Home Business Correction or Recession: Truck Industry Sees Slowing As The Year Ends

Correction or Recession: Truck Industry Sees Slowing As The Year Ends

by Punjabi Trucking

Amid continued uncertainty about tariffs and a tumbling stock market, it’s not surprising that an index measuring market conditions for trucking companies reports a second consecutive month of steep declines and the lowest reading since August 2017. According to freight transportation intelligence provider FTR, orders for new Class-8 trucks have dipped significantly in recent months with November’s number of 27,500 by far the lowest of the year.

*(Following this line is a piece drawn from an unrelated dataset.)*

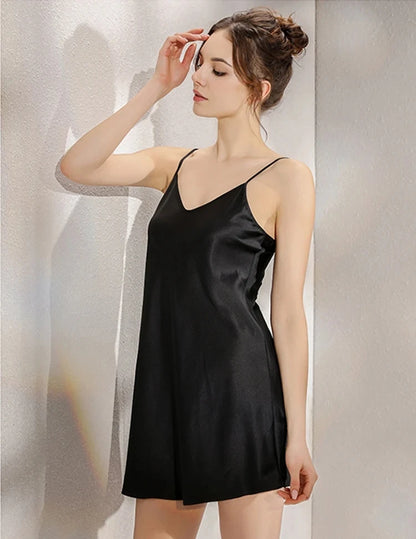 New 100% Natural Silk GecelikNuisette Gecelik en soie 100% naturelle, neuve et élégante, pour femme. Vêtement de nuit sexy, pyjama, robe de nuit. Slip Nuisette Nightgown Women Nightwear Sexy Sleepwear Dress Pijamas Night Gown Nighty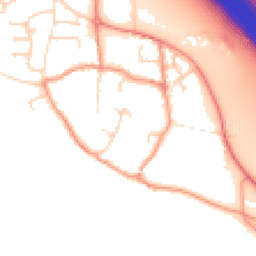 Daytime road noise heatmap for DE6 5NY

Not only are truck orders down, but leading trucking industry stocks have also plummeted with shares dropping more than 25% since September for leading companies such as Knight-Swift Transportation, down 27%, J.B. Hunt Transportation Service, down 26% and Landstar System, also down 26%. Most Wall Street analysts believe the market is currently experiencing a correction with a possible economic slowdown looming in 2019.

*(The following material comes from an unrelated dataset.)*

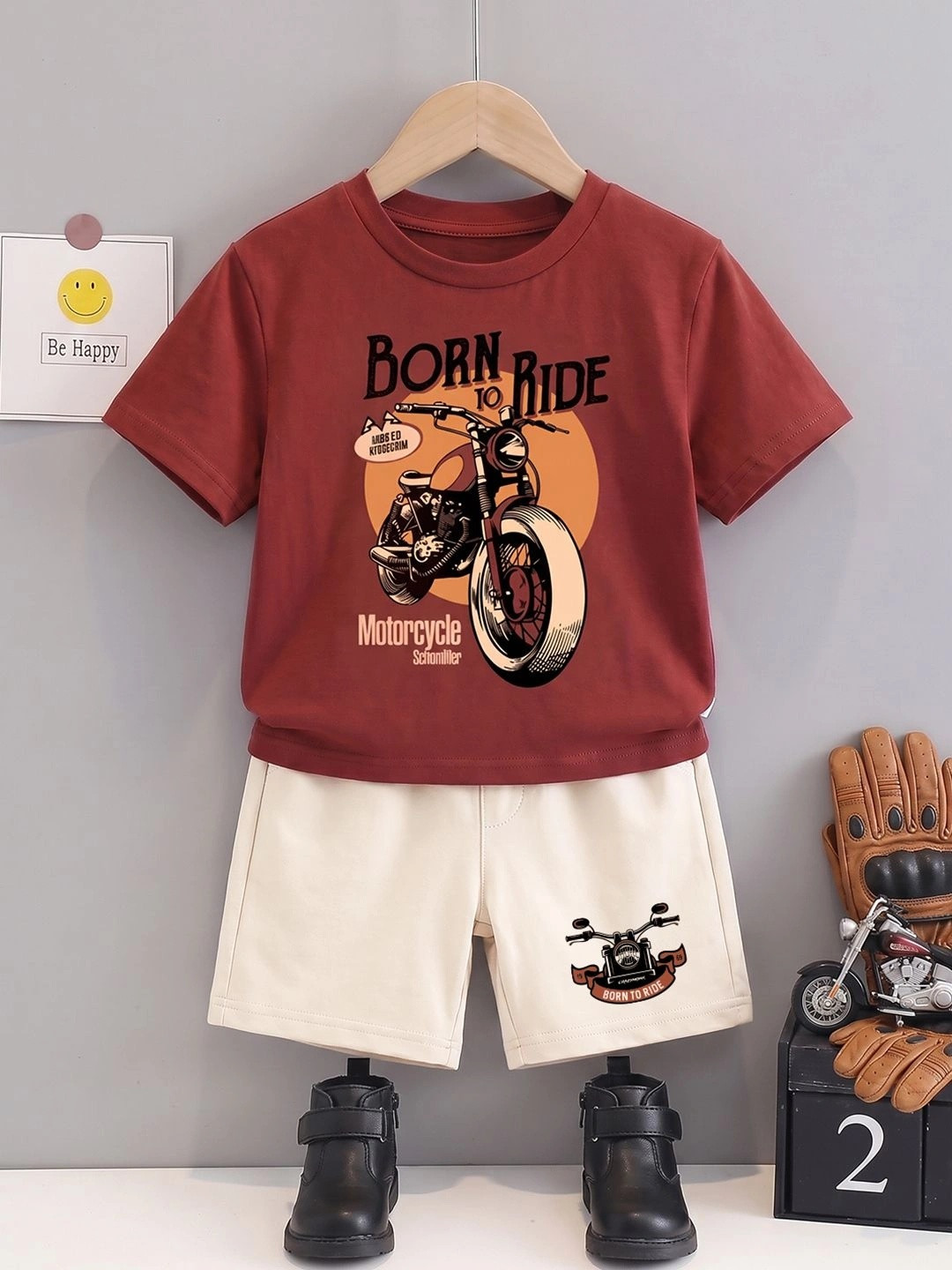 Crazymonk Unisex Kids Printed T-shirt with Shorts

“Market valuations for most trucking and logistics stocks have been correcting,” said Matthew Young, an equity analyst at Morningstar, a Chicago based investment research firm. “It’s become more obvious that freight demand and pricing gains will slow meaningfully in 2019,” he predicted.

What had been a white-hot market with massive retail demand and favorable prices has seen consecutive months of slowing. Department of Transportation figures indicates the growth rate for U.S. truck tonnage shipped slowed from 10.1% in June to 5.2% in August. Not coincidentally, these drops correspond with the U.S.-China trade war which the Trump Administration initiated at the beginning of summer. Tariffs, combined with a cyclical slowdown and declining oil prices, have all created lower freight prices.

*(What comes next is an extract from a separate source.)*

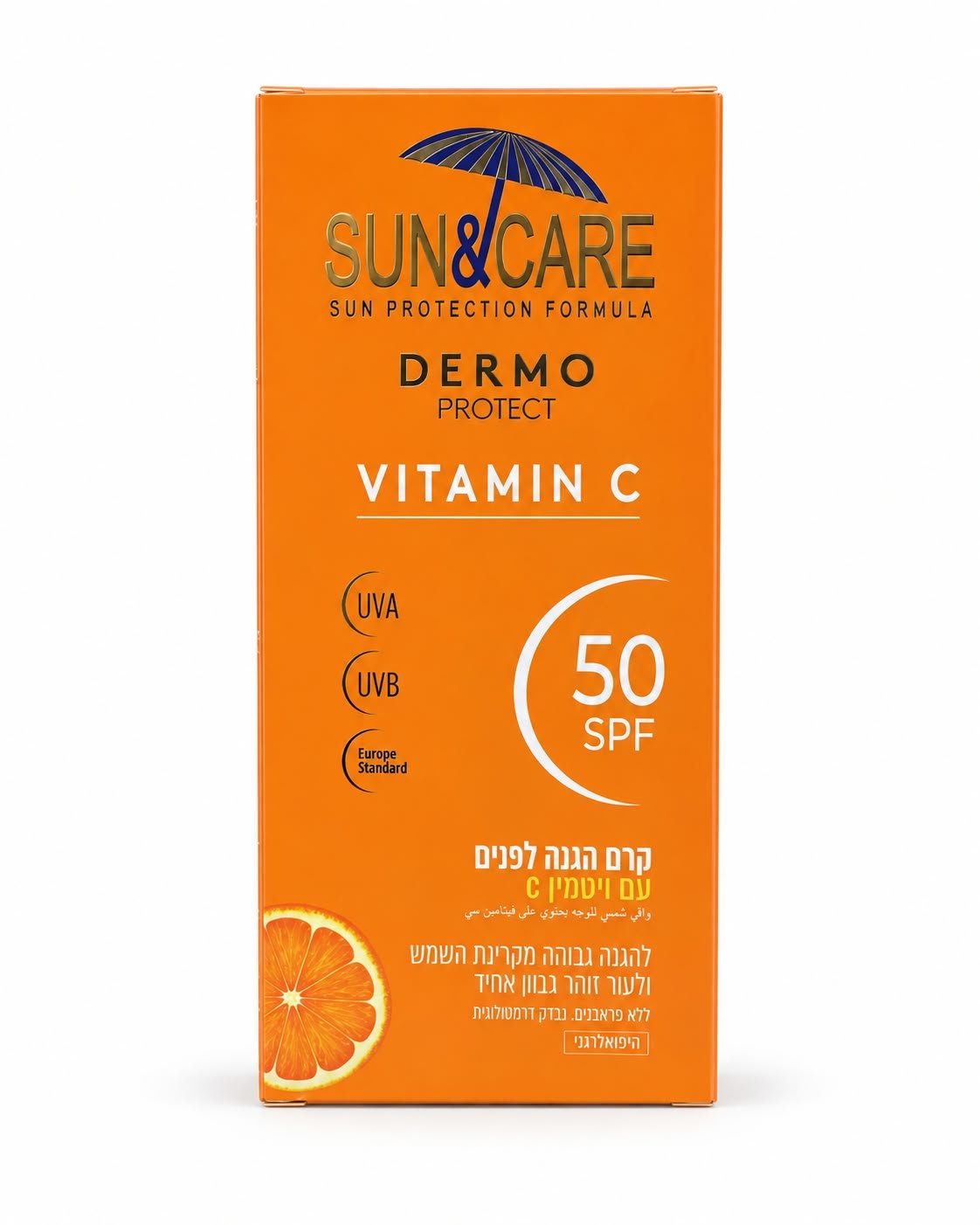 שם מוצר: קרם הגנה לפנים Sun & Care Dermo Protect Vitamin C SPF 50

“Lower levels of demand combined with declining oil/fuel prices are beginning to take their toll on trucking industry pricing power,” said Nicholas Colas, co-founder of DataTrek Research. Indeed, oil prices have slipped with West Texas Intermediate crude oil down nearly 40% from its four year high of $76.90 a barrel in October. Although cheaper oil helps truckers with costs, slowing tonnage demands can be a serious long-term challenge.

Fortunately, truck makers are not in any trouble yet with truck orders reaching nearly 500,000 since last November, leading to persistent backlogs which extend well into 2019. Truck manufacturers are running at high capacity with an annual rate of 320,000 new trucks being built despite the major downturn in November. While some companies are seeing cancellations, they are nowhere near the depths reached in 2016 at the height of the most recent transportation recession. Truckers, however, are leery of the over-capacity which can be generated during economic booms.